*Activity:*
Please write out the entire listing below exactly, excluding its pictures.

*Data block:*
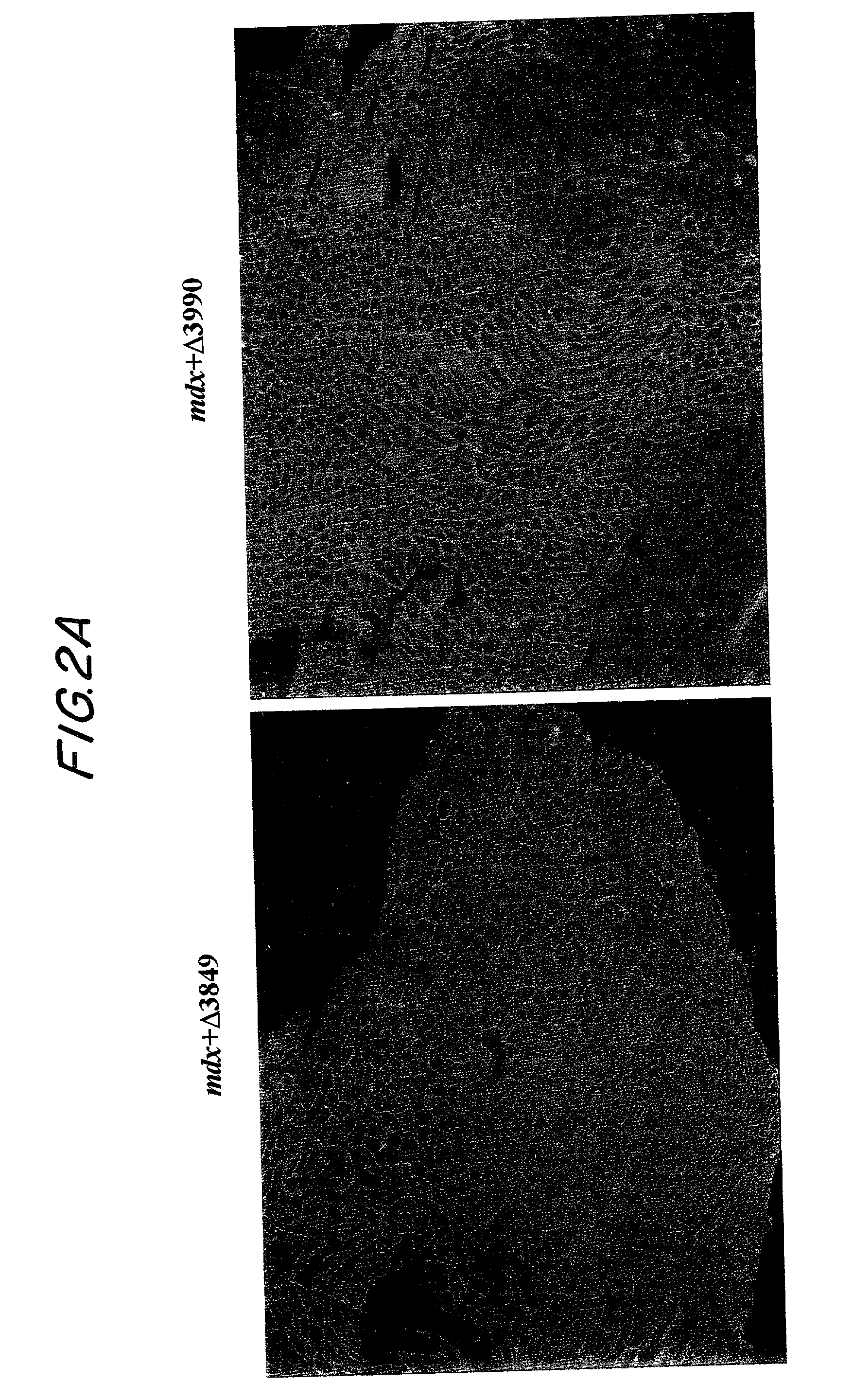 DNA sequences encoding dystrophin minigenes and methods of use thereof
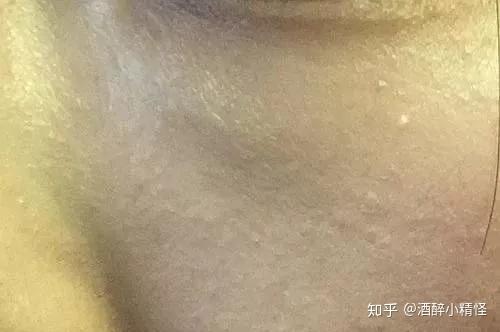 v2-f1a2bef81a62532c2f7edb2e33761979_r.jpg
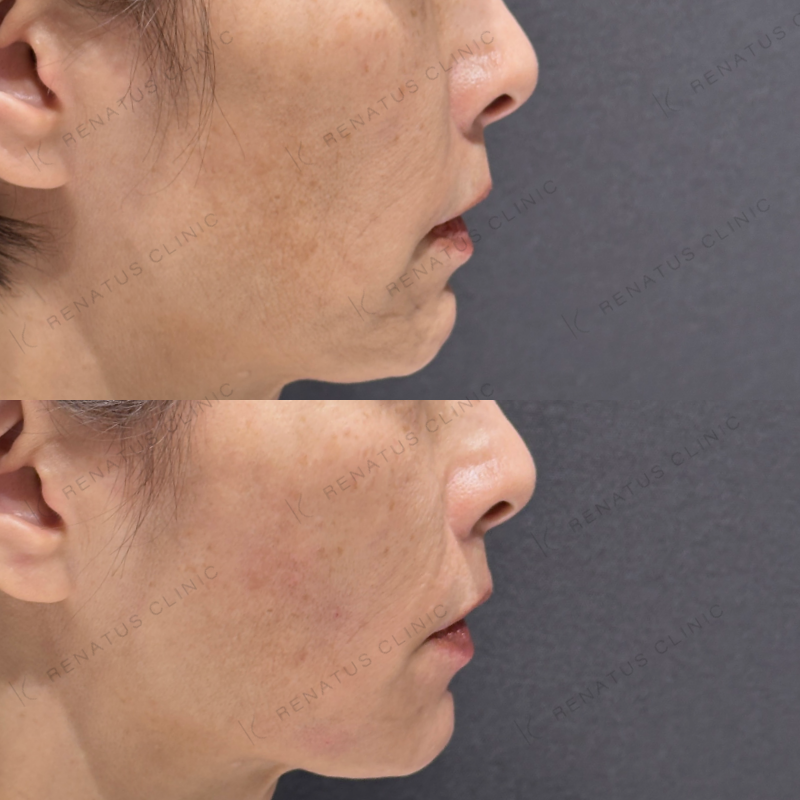 頬こけ・マリオネットヒアルロン酸ボリフト・ダイヤモンドフィール症例写真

*Reply to the exercise:*
 DNA sequences encoding dystrophin minigenes and methods of use thereof
 v2-f1a2bef81a62532c2f7edb2e33761979_r.jpg
 頬こけ・マリオネットヒアルロン酸ボリフト・ダイヤモンドフィール症例写真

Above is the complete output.